The proper order of the leading measures of finance has always been a subject of contention. Grave differences of opinion exist, even to this day, concerning the necessity and expediency of the legal- tender provision. The judgment of many whose financial sagacity is entitled to respect is, that if the internal tax had been first levied, and the policy adopted of drawing directly upon the banks from the Treasury for the amounts of any loans in their hands, the resort by the government to irredeemable paper might at least have been postponed and possibly prevented. The premium on gold became the measure of the depreciation of the government credit, and practically such premiums were the charge made for every loan negotiated. In his report of December, 1862, Secretary Chase justified the legal-tender policy. He explained that by the suspension of specie payments the banks had rendered their currency undesirable for government operations, and consequently no course other than that adopted was open. Mr. Chase declared that the measures of general legislation had worked well. "For the fiscal year ending with June," he said, "every audited and settled claim on the government and every quartermaster's check for supplies furnished, which had reached the Treasury, had been met." For the subsequent months, the secretary "was enabled to provide, if not fully, yet almost fully, for the constantly increasing disbursements."

The political effects of the legal-tender bill were of large consequence to the Administration and to the successful conduct of the war. If it had been practicable to adhere rigidly to the specie standard, the national expenditure might have been materially reduced; but the exactions of the war would have been all the time grating on the nerves of the people and oppressing them with remorseless taxation. Added to the discouragement caused by our military reverses, a heavy financial burden might have proved disastrous. The Administration narrowly escaped a damaging defeat in 1862, and but for the relief to business which came from the circulation of legal-tender notes, the political struggle might have been hopeless. But as trade revived under the stimulus of an expanding circulation, as the market for every species of product was constantly enlarging and prices were steadily rising, the support of the war policy became a far more cheerful duty to the mass of our people.

This condition of affairs doubtless carried with it many elements of demoralization, but the engagement of the people in schemes of money-making proved a great support to the war policy of the government.
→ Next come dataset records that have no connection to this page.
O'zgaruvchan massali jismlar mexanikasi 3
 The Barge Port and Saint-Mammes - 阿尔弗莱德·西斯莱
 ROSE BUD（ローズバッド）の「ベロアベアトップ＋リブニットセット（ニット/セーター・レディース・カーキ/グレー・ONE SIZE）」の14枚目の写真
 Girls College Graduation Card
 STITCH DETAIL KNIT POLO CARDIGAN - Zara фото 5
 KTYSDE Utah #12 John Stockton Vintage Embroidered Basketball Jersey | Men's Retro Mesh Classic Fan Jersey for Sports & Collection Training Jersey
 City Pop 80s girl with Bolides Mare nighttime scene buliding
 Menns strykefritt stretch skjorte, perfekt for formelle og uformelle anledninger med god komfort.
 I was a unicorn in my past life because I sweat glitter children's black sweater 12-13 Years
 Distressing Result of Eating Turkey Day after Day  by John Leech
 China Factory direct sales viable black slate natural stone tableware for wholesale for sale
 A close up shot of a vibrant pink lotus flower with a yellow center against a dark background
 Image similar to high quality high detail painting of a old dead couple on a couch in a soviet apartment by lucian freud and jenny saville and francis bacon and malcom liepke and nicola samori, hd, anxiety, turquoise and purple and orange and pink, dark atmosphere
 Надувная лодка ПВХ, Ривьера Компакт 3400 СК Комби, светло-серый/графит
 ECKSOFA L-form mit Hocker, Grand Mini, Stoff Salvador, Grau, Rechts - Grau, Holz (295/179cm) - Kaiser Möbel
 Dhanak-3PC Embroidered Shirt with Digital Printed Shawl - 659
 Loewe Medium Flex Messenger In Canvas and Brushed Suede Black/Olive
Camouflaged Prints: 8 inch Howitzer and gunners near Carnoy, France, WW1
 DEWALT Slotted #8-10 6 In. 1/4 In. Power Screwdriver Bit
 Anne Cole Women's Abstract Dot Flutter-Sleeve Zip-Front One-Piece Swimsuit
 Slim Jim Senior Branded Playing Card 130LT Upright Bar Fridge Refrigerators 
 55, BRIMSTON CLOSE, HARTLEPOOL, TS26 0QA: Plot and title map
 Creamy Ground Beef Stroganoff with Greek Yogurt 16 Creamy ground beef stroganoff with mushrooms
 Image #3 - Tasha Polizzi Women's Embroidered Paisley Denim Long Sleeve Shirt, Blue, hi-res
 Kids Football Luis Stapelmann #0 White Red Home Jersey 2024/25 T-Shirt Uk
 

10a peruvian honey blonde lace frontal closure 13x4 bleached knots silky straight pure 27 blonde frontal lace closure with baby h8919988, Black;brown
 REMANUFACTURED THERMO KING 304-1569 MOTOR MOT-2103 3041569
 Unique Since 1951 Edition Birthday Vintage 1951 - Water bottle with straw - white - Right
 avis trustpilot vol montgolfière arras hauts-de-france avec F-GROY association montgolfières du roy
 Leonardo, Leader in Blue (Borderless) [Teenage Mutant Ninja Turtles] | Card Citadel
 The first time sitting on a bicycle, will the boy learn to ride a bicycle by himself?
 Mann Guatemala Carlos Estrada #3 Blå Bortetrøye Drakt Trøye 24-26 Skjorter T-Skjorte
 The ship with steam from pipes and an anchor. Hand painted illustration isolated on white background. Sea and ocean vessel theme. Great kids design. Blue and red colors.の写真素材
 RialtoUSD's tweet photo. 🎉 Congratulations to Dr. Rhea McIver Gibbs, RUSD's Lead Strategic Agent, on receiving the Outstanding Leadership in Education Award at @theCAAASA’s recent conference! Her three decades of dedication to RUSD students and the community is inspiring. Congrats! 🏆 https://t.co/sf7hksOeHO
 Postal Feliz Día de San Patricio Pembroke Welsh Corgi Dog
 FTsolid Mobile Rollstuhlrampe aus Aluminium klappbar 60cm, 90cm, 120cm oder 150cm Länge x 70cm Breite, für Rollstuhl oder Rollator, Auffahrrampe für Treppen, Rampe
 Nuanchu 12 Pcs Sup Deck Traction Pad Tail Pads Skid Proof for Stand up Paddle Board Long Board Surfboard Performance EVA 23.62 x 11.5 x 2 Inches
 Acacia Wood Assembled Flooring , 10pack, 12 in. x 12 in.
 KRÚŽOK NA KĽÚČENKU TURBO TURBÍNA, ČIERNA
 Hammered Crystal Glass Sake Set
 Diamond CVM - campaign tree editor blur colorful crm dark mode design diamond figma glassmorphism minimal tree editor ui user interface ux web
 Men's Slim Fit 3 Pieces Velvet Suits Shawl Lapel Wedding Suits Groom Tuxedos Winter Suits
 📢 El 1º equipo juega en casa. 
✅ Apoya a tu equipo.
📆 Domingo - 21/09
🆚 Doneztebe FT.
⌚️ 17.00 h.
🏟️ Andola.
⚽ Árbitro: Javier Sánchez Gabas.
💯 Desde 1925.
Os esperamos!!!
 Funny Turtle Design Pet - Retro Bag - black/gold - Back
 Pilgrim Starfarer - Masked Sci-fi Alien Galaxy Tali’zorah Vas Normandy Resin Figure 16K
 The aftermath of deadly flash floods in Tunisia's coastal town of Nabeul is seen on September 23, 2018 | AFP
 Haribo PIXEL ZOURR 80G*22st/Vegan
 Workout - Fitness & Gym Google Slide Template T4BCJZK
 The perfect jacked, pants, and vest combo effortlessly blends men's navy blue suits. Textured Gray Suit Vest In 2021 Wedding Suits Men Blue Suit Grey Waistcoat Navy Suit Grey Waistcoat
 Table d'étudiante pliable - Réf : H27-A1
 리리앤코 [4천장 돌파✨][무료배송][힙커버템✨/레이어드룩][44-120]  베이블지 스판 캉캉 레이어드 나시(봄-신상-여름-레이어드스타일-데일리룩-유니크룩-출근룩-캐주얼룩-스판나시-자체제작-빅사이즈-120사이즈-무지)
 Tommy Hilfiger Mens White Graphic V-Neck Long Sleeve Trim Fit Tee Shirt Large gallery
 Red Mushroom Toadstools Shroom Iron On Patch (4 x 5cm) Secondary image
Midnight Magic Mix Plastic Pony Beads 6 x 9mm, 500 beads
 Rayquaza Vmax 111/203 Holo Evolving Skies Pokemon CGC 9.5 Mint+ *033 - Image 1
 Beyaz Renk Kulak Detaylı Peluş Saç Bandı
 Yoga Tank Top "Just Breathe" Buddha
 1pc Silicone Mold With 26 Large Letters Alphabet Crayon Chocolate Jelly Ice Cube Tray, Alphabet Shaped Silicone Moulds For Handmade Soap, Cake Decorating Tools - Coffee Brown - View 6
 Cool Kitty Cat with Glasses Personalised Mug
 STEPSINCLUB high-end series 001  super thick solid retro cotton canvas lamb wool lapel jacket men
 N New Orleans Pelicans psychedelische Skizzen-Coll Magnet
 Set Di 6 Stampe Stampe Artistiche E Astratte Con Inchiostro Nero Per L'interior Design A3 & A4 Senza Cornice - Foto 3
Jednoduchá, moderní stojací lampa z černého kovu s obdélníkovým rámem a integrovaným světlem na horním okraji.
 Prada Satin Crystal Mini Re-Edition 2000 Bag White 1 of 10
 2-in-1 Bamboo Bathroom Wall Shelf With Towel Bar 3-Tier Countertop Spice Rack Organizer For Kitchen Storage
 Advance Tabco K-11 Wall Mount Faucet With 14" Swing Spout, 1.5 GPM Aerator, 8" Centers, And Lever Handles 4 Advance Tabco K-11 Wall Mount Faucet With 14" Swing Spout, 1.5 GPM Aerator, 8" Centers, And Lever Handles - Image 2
We saw the reproduction among us of the same causes and the same effects which prevailed in England during her prolonged contest with Napoleon. Money was superabundant, speculation was rife, the government was a lavish buyer, a prodigal consumer. Every man who could work was employed at high wages; every man who had commodities to sell was sure of high prices. The whole community came to regard the prevalent prosperity as the outgrowth of the war. The ranks of the army could be filled by paying extravagant bounty after the ardor of volunteering was past, and the hardship of the struggle was thus in large measure concealed if not abated. Considerate men knew that a day of reckoning would come, but they believed it would be postponed until after the war was ended and the Union victorious.

The policy of the legal-tender measure cannot therefore be properly determined if we exclude from view that which may well be termed its political and moral influence upon the mass of our people. It was this which subsequently gave to that form of currency a strong hold upon the minds of many who fancied that its stimulating effect upon business and trade could be reproduced under utterly different circumstances. Argument and experience have demonstrated the fallacy of this conception, and averted the evils which might have flowed from it. But in the judgment of a large and intelligent majority of those who were contemporary with the war and gave careful study to its progress, the legal-tender bill was a most effective and powerful auxiliary in its successful prosecution.